# Classification

Classification models aim to provide an automated decision such as is this e-mail spam?
Most classification models return a probability or propensity of belonging to a class of interest.
A cut-off can then be used to convert the propensity score to a decision. It follows the general approach:

1. Establish a cutoff probability for the class of interest above which we consider a record as belonging to that class.
2. Estimate (with any model) the probability that a record belongs to the class of interest.
3. If that probability is above the cutoff probability, assign the new record to the class of interest.

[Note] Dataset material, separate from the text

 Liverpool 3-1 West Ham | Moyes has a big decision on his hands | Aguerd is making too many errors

The higher the cutoff, the fewer records predicted as that class.

## Naive Bayes

The naive Bayes algorithm uses the probability of observing predictor values,
given an outcome, to estimate the probability of observing outcome $Y = i$, given
a set of predictor values.

- **Conditional probability**: The probability of observing some event (say $X = i$) given some other event (say $Y = i$), written as $P(X_i | Y_i)$.
- **Posterior probability**: The probability of an outcome after the predictor information has been incorporated (in contrast to the prior probability of outcomes, not taking predictor information into account).

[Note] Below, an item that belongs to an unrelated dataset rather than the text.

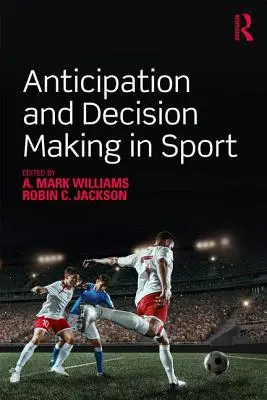 Predvídanie a rozhodovanie v športe - Anticipation and Decision Making in Sport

To understand Bayesian classification, we can start out by imagining "nonnaive"
Bayesian classification. For each record to be classified:
1. Find all the other records with the same predictor profile (i.e., where the predictor values are the same).
2. Determine what classes those records belong to and which class is most prevalent (i.e., probable).
3. Assign that class to the new record.

The preceding approach amounts to finding all the records in the sample that are
exactly like the new record to be classified in the sense that all the predictor
values are identical.

### Why Exact Bayesian Classification Is Impractical

When the number of predictor variables exceeds a handful, many of the records
to be classified will be without exact matches e.g. male Hispanic with high income from the US Midwest who voted in the last
election, did not vote in the prior election, has three daughters and one son, and
is divorced.

_Despite its name, naive Bayes is not considered a method of Bayesian statistics. Naive Bayes
is a data–driven, empirical method requiring relatively little statistical expertise. The name
comes from the Bayes rule–like calculation in forming the predictions—specifically the initial
calculation of predictor value probabilities given an outcome, and then the final calculation of
outcome probabilities._

### The Naive Solution

In the naive Bayes solution, we no longer restrict the probability calculation to
those records that match the record to be classified. Instead, we use the entire
data set. The naive Bayes modification is as follows:

1. For a binary response $Y = i$ ($i = 0$ or $1$), estimate the individual conditional probabilities for each predictor $P(X_j|Y=i)$; these are the probabilities that the predictor value is in the record when we observe $Y = i$. This probability is estimated by the proportion of $X_j$ values among the $Y = i$ records in the training set
2. Multiply these probabilities by each other, and then by the proportion of records belonging to $Y = i$
3. Repeat steps 1 and 2 for all the classes
4. Estimate a probability for outcome $i$ by taking the value calculated in step 2 for class $i$ and dividing it by the sum of such values for all classes.
5. Assign the record to the class with the highest probability for this set of predictor values.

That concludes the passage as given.